(DATA SECTION begins)

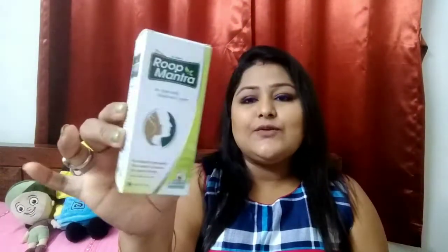The Roop Mantra Ayurvedic Cream is not just a cream — it's not just for you or me, it's for the entire family. The whole family can use it. It comes in sturdy cardboard packaging and the cream is in a tube with a nozzle. Roop Mantra's retail price is 93 rupees for a 30-gram tube.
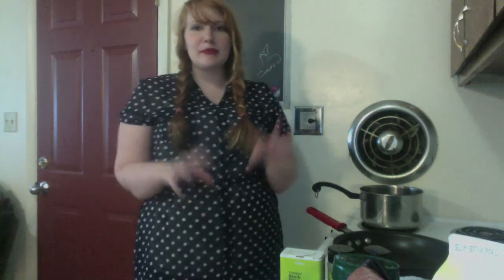Hi and welcome to How Do I Housewife? Today we're going to do some cooking because I need to eat. We're going to be cooking some kind of alfredo from scratch. This is a recipe, so this will be fun.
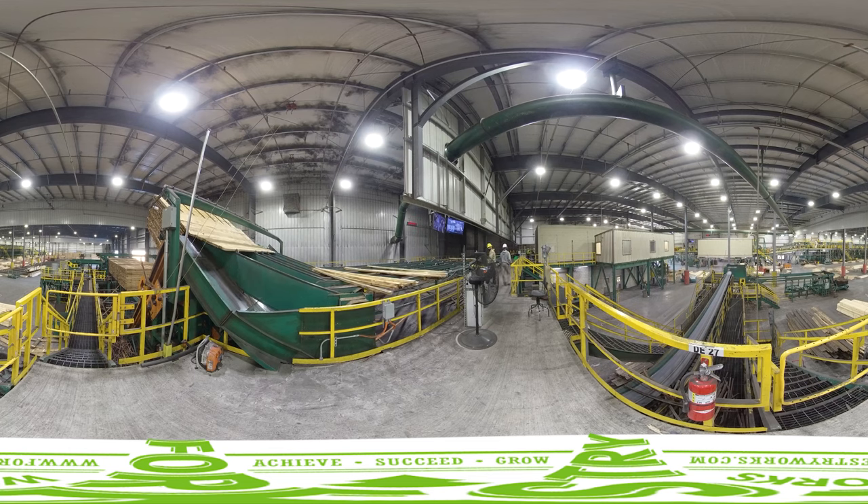The lumber is then placed in the kiln to be dried by blowing hot air around the wood. After the lumber is dried, the packs are sent to the planer mill where they are separated.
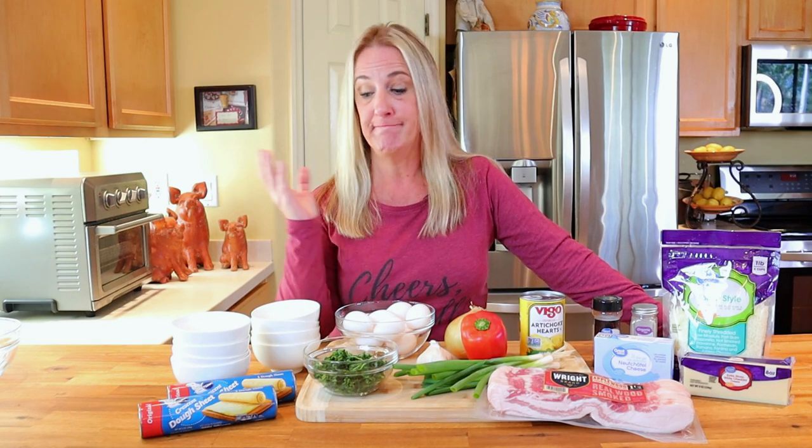Before we get started, I want to give a quick shout out to my viewer Mama Bear — this video happens to be a request recipe from her, so Mama Bear, I hope you enjoy the video. If you have a restaurant or recipe you'd like me to feature in an upcoming episode, drop it in the comments below. Make sure to hit the subscribe button and the notification bell so you'll be notified when your video comes up, just like Mama Bear.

(DATA SECTION ends)

**TASK BRIEF:** Reproduce the material above in full, images excluded.

**EXPECTED ANSWER:**
The Roop Mantra Ayurvedic Cream is not just a cream — it's not just for you or me, it's for the entire family. The whole family can use it. It comes in sturdy cardboard packaging and the cream is in a tube with a nozzle. Roop Mantra's retail price is 93 rupees for a 30-gram tube.
Hi and welcome to How Do I Housewife? Today we're going to do some cooking because I need to eat. We're going to be cooking some kind of alfredo from scratch. This is a recipe, so this will be fun.
The lumber is then placed in the kiln to be dried by blowing hot air around the wood. After the lumber is dried, the packs are sent to the planer mill where they are separated.
Before we get started, I want to give a quick shout out to my viewer Mama Bear — this video happens to be a request recipe from her, so Mama Bear, I hope you enjoy the video. If you have a restaurant or recipe you'd like me to feature in an upcoming episode, drop it in the comments below. Make sure to hit the subscribe button and the notification bell so you'll be notified when your video comes up, just like Mama Bear.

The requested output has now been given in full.